Made You Look's 'Cartoon' gives tattoos with personal touch

Working out of Made You Look Custom Tattoos, located on East Washington Ave, is a humble, veteran artist named Jesus Reyes, otherwise known as “Cartoon.” He is the older brother of Albert Reyes, an artist previously featured on Weekly Ink who works out of Colt’s Timeless Tattoos. The brothers may share several traits, but don’t mistake them for being identical.

The inside of Made You Look features a well designed layout with friendly staff. Each artist has a private room detailed to fit their personality. These personal rooms help create a more exclusive tattooing experience and provide a sense of privacy. Cartoon’s room was coupled with celestial-style cabinets and pictures of happy memories all around. During our interview, Cartoon was doing a full-stomach piece for a client. Over the buzzing of his machine, we discussed everything from his first tattoo to his time at the “The University of Tattooing.”

Like his younger brother, Cartoon began tattooing at age 15 right after receiving his first tattoo in Mexico and falling in love with the craft. Living in Texas provided a constant clientele solely looking for black and grey styles of ink. Reyes explained that, unlike Wisconsin, Texas has a significant gang presence where people who look as if they have been dipped in ink are the norm.

Cartoon energetically explained that “Gangbangers want everything tatted, from guns, drugs to even street names.” He detailed how the culture is really different in Wisconsin versus Texas. “You don’t see it here like you do in Texas, but a lot of hispanics mainly are tatted up on their face and neck,” said Cartoon. “It's a little more classy up here.”

I asked Cartoon about his experiences as a teenager to get a timeline of his career. His two younger brothers were his first test canvases, serving as trial-and-error subjects.

He recounted a rookie mistake he made when first tattooing on one his brothers. “It was an 11-hour session that should have taken two hours,” said Cartoon. “I was using a single needle machine and I was still experimenting with different types of ink–luckily, I didn’t scar him one bit.”

We shared laughs after he went into detail about not labeling his spray bottles and accidentally spraying what he thought was water on his cousin during a session that turned out to be cleaning alcohol.

Cartoon chuckled with a hint of guilt when he explained, “My brothers and cousins had it the worst back in the day.”

Eventually, Cartoon followed his family to Madison where he would continue his craft. Unfortunately, he had gotten into legal trouble and, after avoiding the law, it eventually caught up to him. During a nine-year stint in jail, he learned about the culture of tattooing in prison. I asked about the counterculture of doing tattoos there. Interestingly, Cartoon called prison “The University of Tattooing.” Believe it or not, a lot of people go into prison knowing how to draw and come out knowing how to tattoo. In prison, Cartoon explained, “You can survive in prison doing tattoos. I already knew how to from the streets and people just came to me looking to get tatted.”

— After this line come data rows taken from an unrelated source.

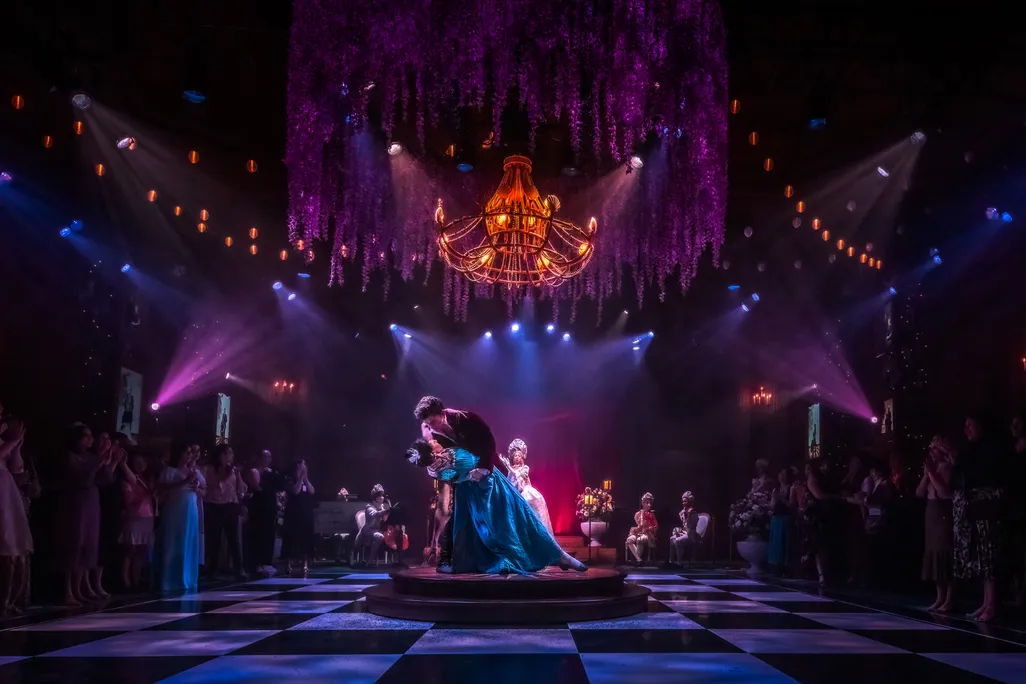 couple in Regency attire doing a dip in the middle of a dramatically lit ballroom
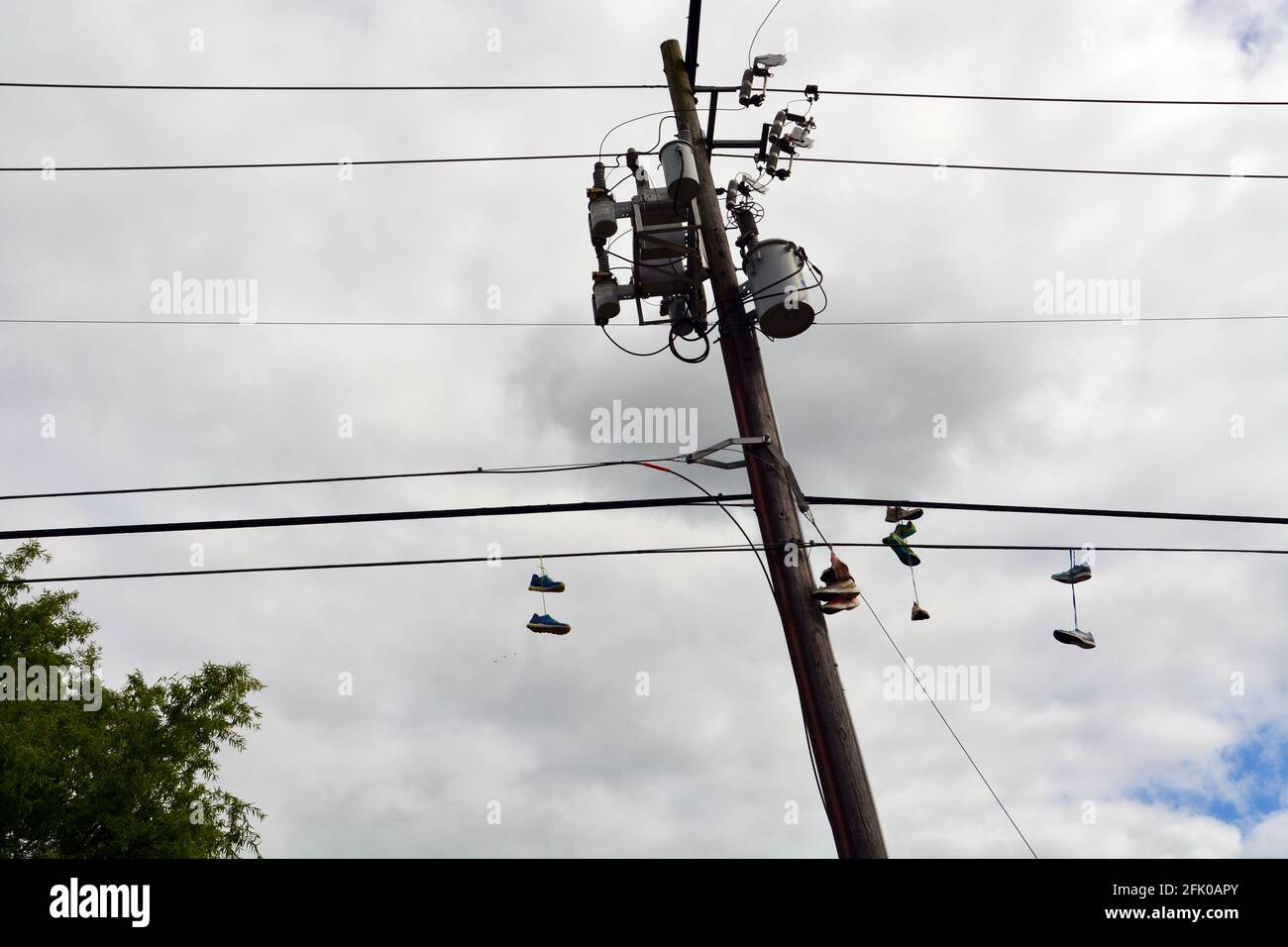 Running shoes dangle from the power lines outside of a running shoe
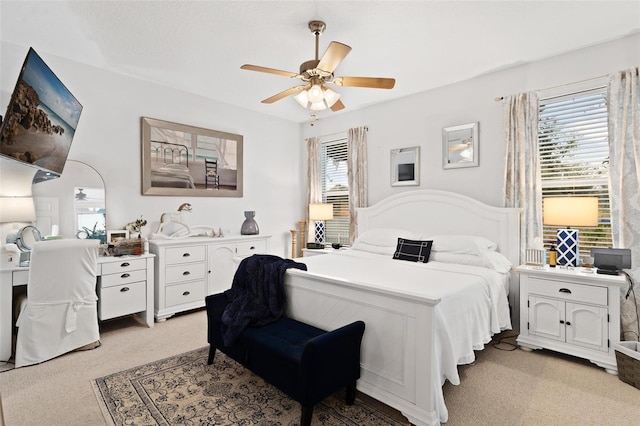 carpeted bedroom featuring ceiling fan and multiple windows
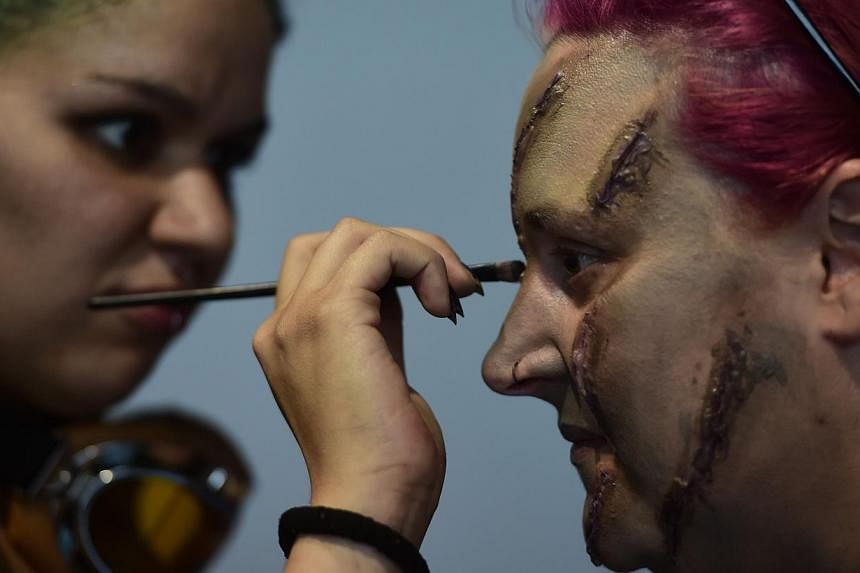 A woman (left) applying make-up to the face of a participant for the role game Survival Zombie in Olias del Rey on May 30, 2015. -- PHOTO: AFP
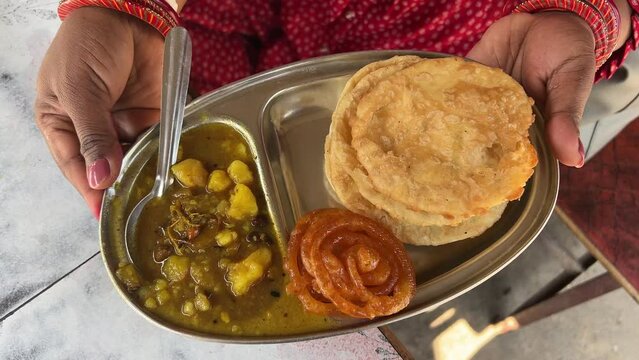 Close up shot of puri bhaji served with potato curry along jalebi at a bihari shop at daytime.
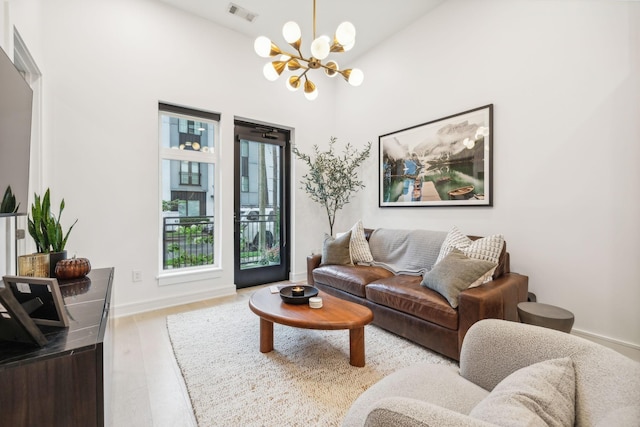 living room with a notable chandelier, visible vents, baseboards, and wood finished floors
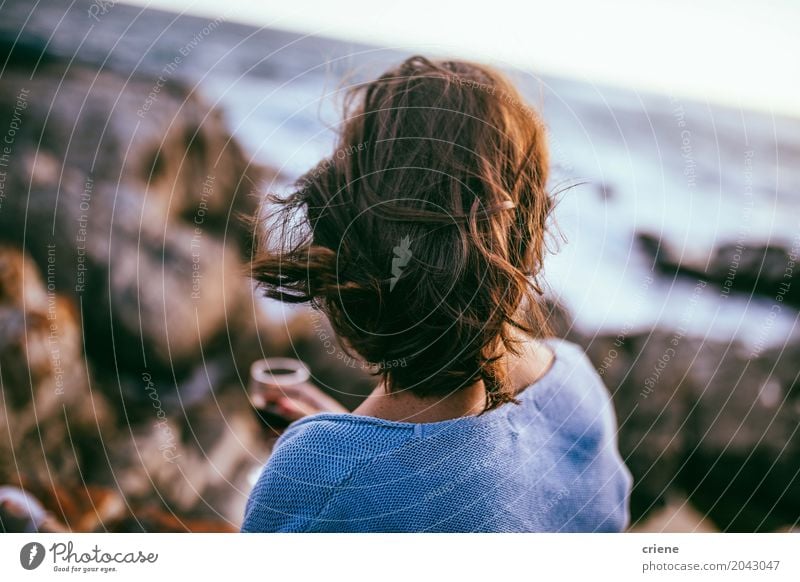 Back view of woman looking on ocean Drinking Lifestyle Beach Ocean Waves Human being Feminine Young woman Youth (Young adults) Woman Adults Hair and hairstyles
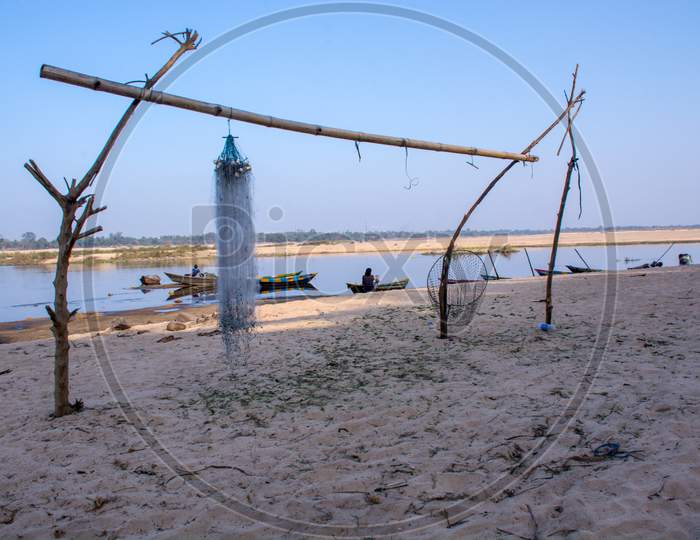hanfging fishing net boats and damodar river near bardhaman west bengal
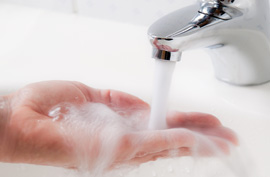 the palm of someone's hand being held under a stream of water in a bathroom sink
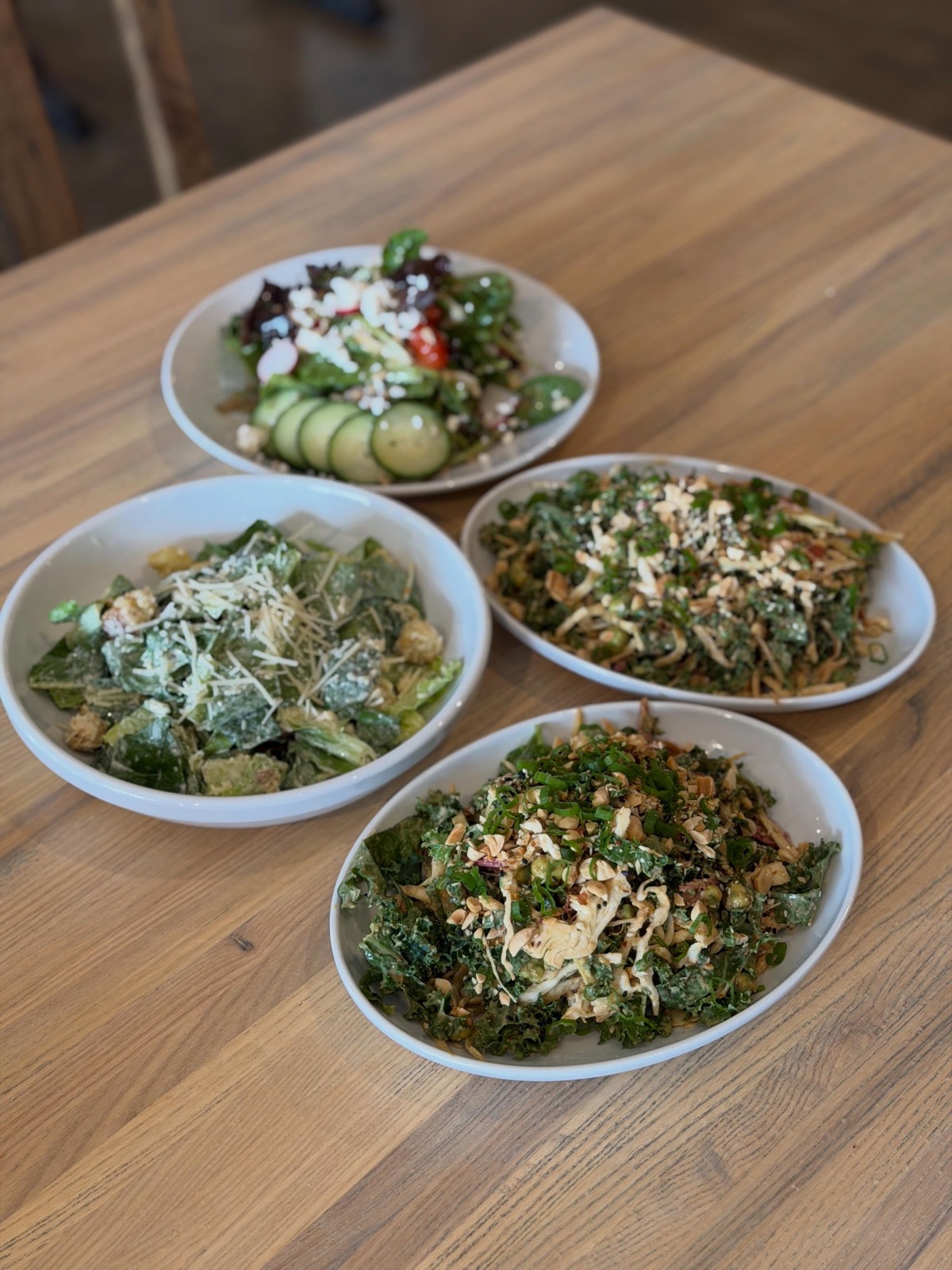 Fresh seasonal salads on a wood table at Market & Main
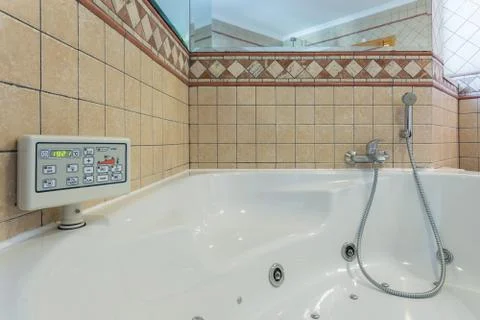 Luxury Jacuzzi bath. With the control panel. Stock Photos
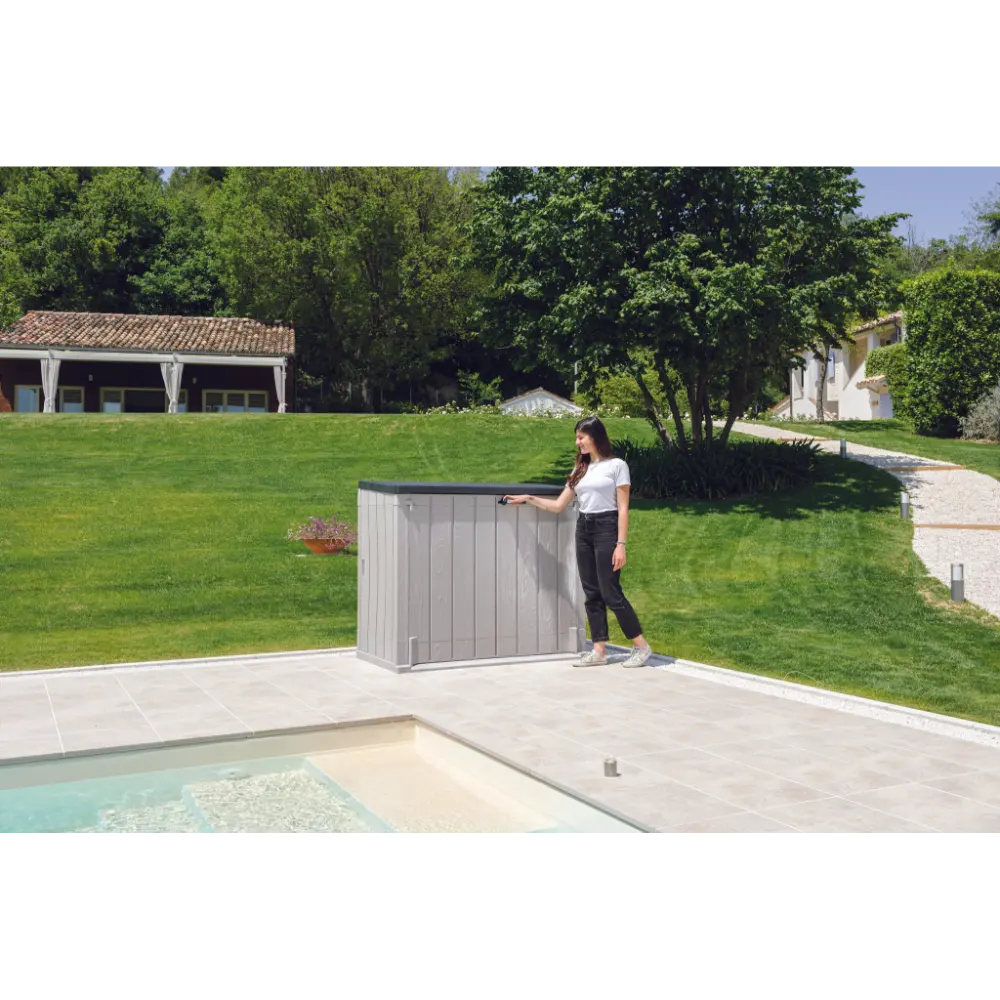 Woman opening a taupe grey and anthracite Toomax Storer Plus garden storage unit on a patio beside a swimming pool, with manicured lawn and residential buildings in the background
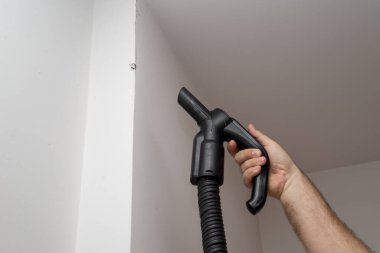 Elektrikli süpürge tutan bir adamın eli. Duvardaki kiri temizlerken.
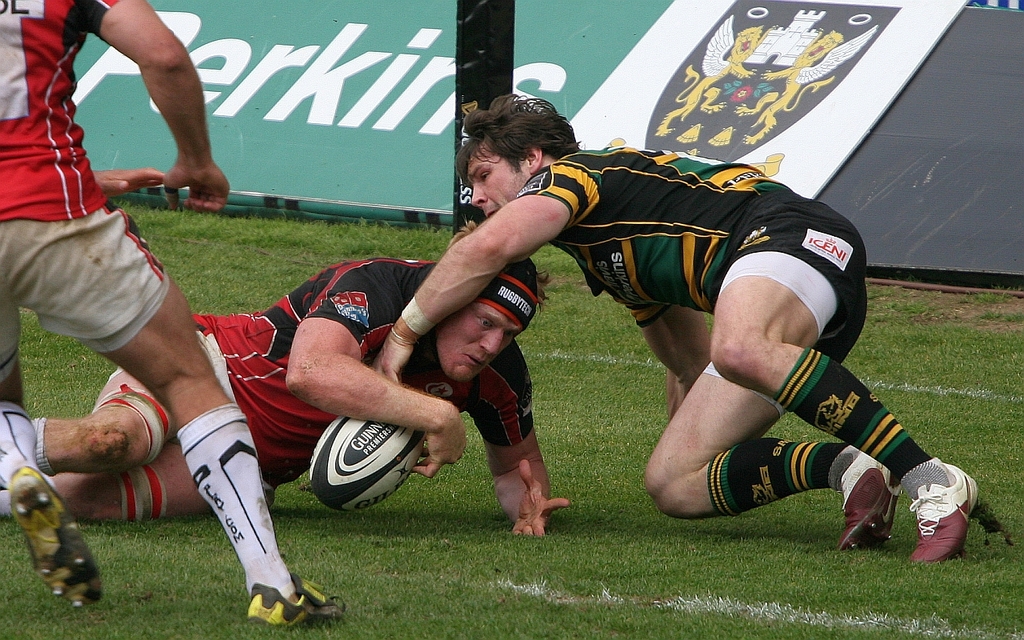 Eine Gruppe von Menschen auf dem Boden mit einem Rugbyball spielend.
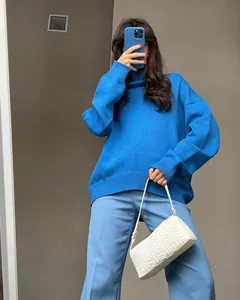 Vibrant blue thick turtleneck knitted sweater styled with a chic white shoulder bag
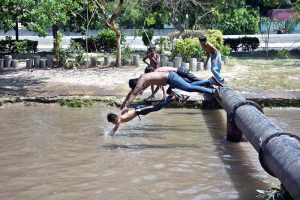 Children enjoy bathe in canal water to escape from the scorching heat wave in the city.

I asked Cartoon how he assembled his tattoo machine. He explained that, after taking the motor out of his beard trimmer, using guitar strings as a needle and harvesting the soot from homemade vaseline candles for ink, Cartoon was in business.

After serving his sentence he returned to Madison and, with the help of his brother, he first began working at Colt’s Timeless Tattoos, but eventually shifted to Made You Look.